§ TASK ITEM
Please copy all of the entries exactly, but drop every picture.

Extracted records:
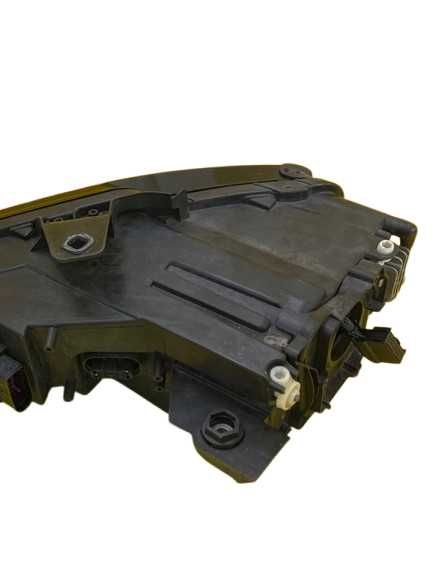 Lampa Prawa Audi A3 8V Full Led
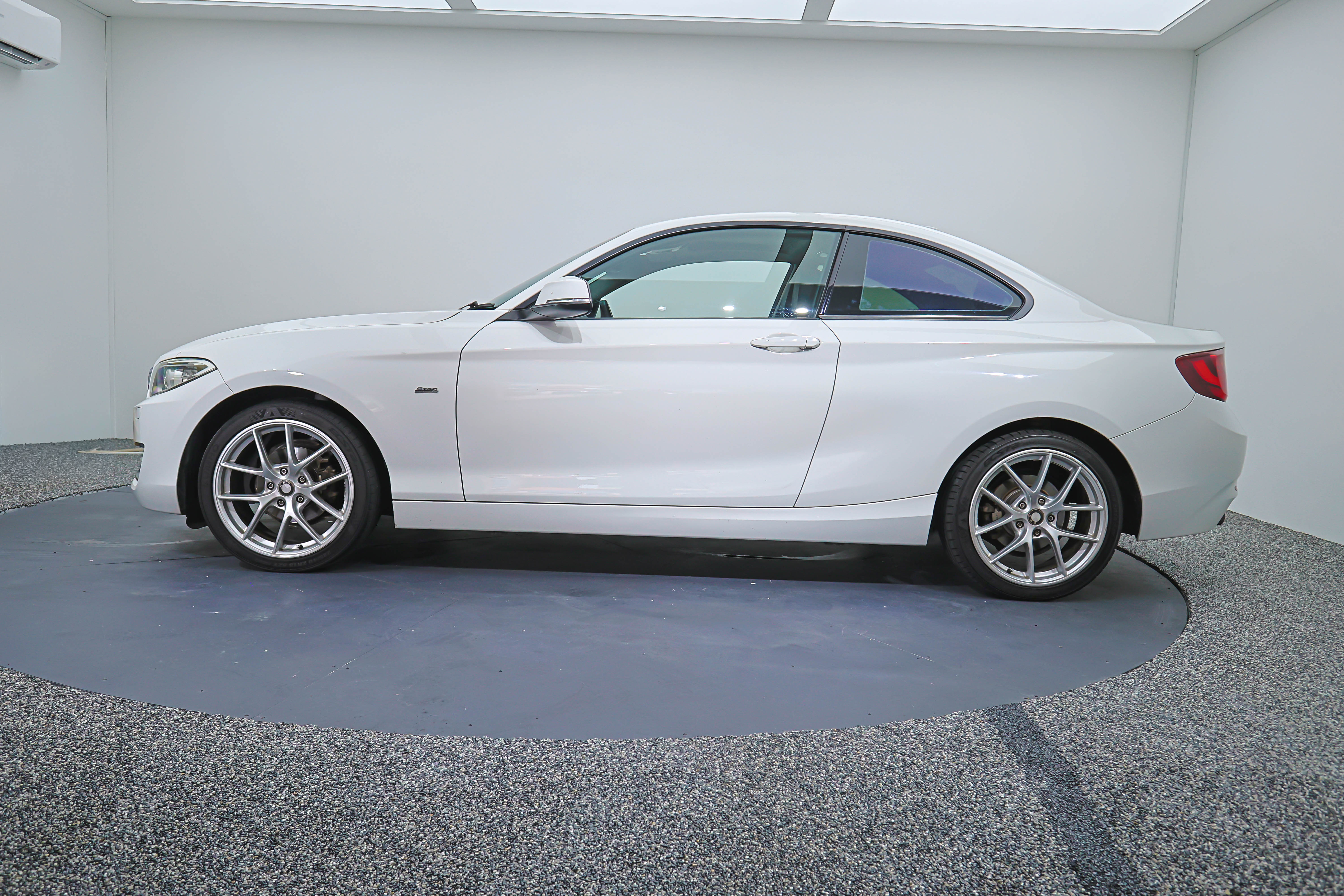 2016 BMW 218i Coupe, photo 3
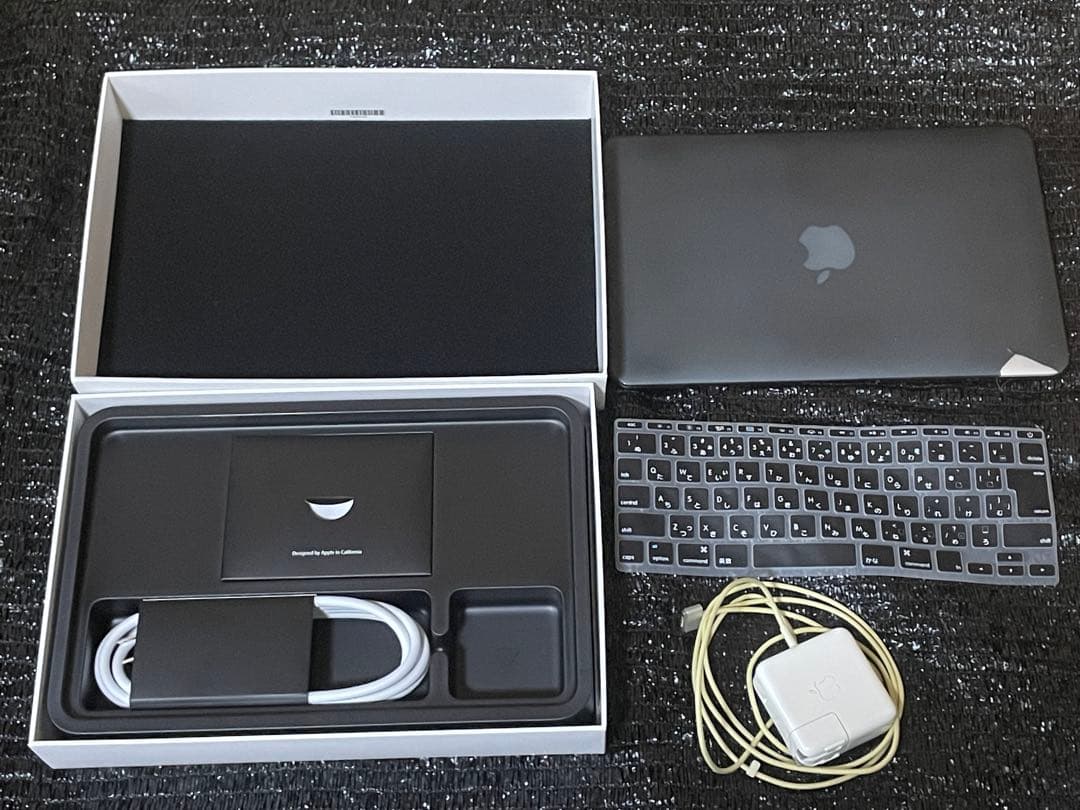 MacBook Air 2015 11インチ i5 8GB SSD240GB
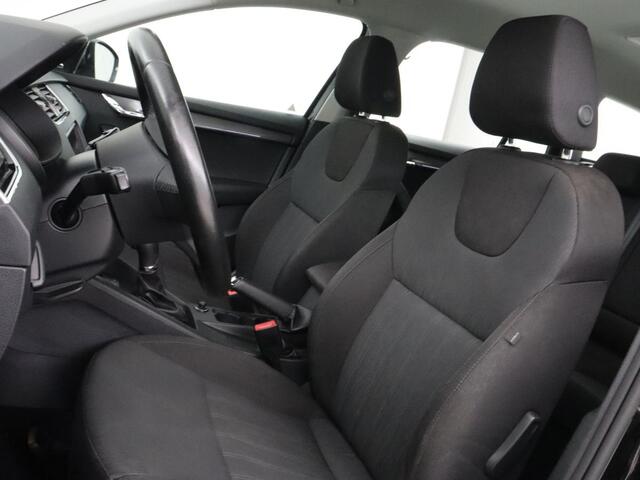 Skoda OCTAVIA 1.0 TSI Style | Stoelverwarming | Camera | Trekhaak | Carplay | Navigatie | Canton Sound | Sfeerverlichting | Full LED | Climate control | Cruise control | Keyless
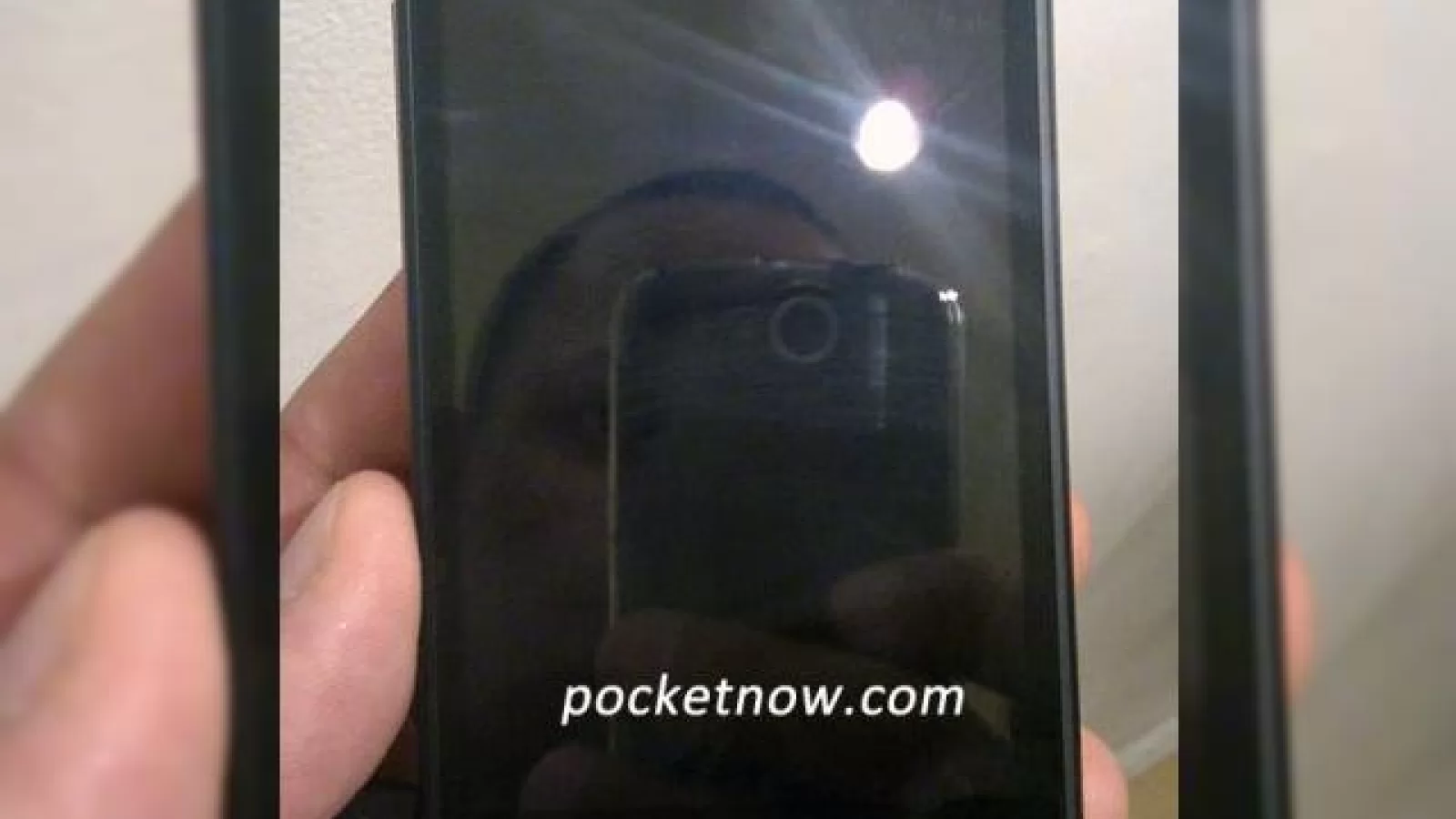 Imagini cu HTC Incredible scapate pe web, prezentate in premiera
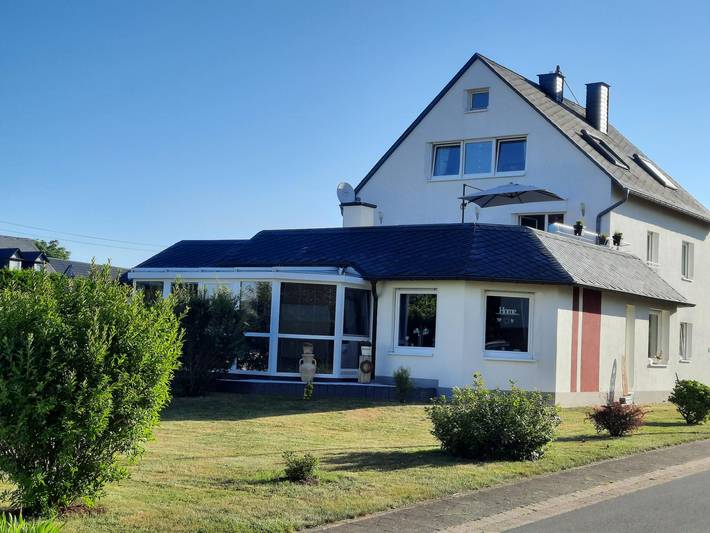 Ferienwohnung für 4 Personen, mit Terrasse und Garten im Hunsrück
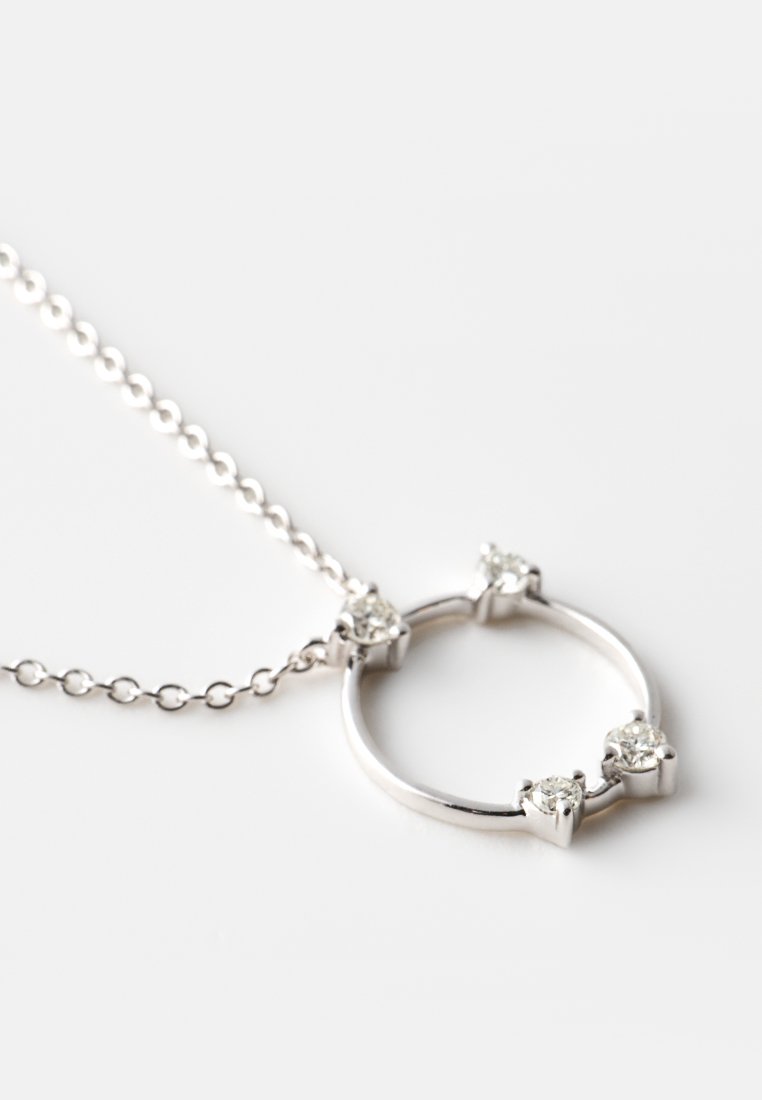 Diamant Exquis 0.14 CT DIAMOND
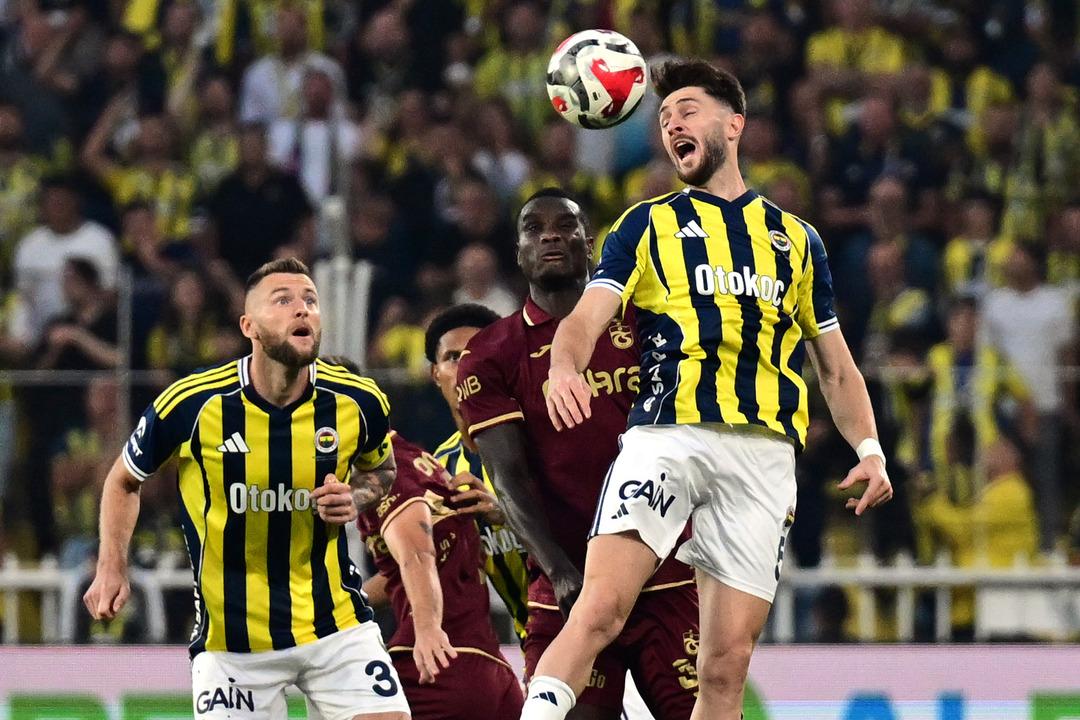 Fenerbahçe hayranları Ali Koç'a tepki gösterdi: 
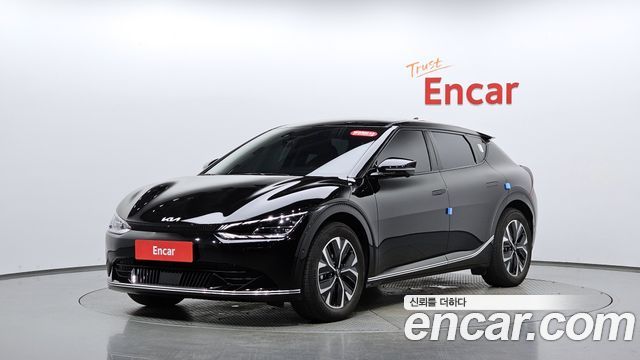 Kia EV6 Long Range — photo 1 of 38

§ RESPONSE TO THE EXERCISE
 Lampa Prawa Audi A3 8V Full Led
 2016 BMW 218i Coupe, photo 3
 MacBook Air 2015 11インチ i5 8GB SSD240GB
 Skoda OCTAVIA 1.0 TSI Style | Stoelverwarming | Camera | Trekhaak | Carplay | Navigatie | Canton Sound | Sfeerverlichting | Full LED | Climate control | Cruise control | Keyless
 Imagini cu HTC Incredible scapate pe web, prezentate in premiera
 Ferienwohnung für 4 Personen, mit Terrasse und Garten im Hunsrück
 Diamant Exquis 0.14 CT DIAMOND
 Fenerbahçe hayranları Ali Koç'a tepki gösterdi: 
 Kia EV6 Long Range — photo 1 of 38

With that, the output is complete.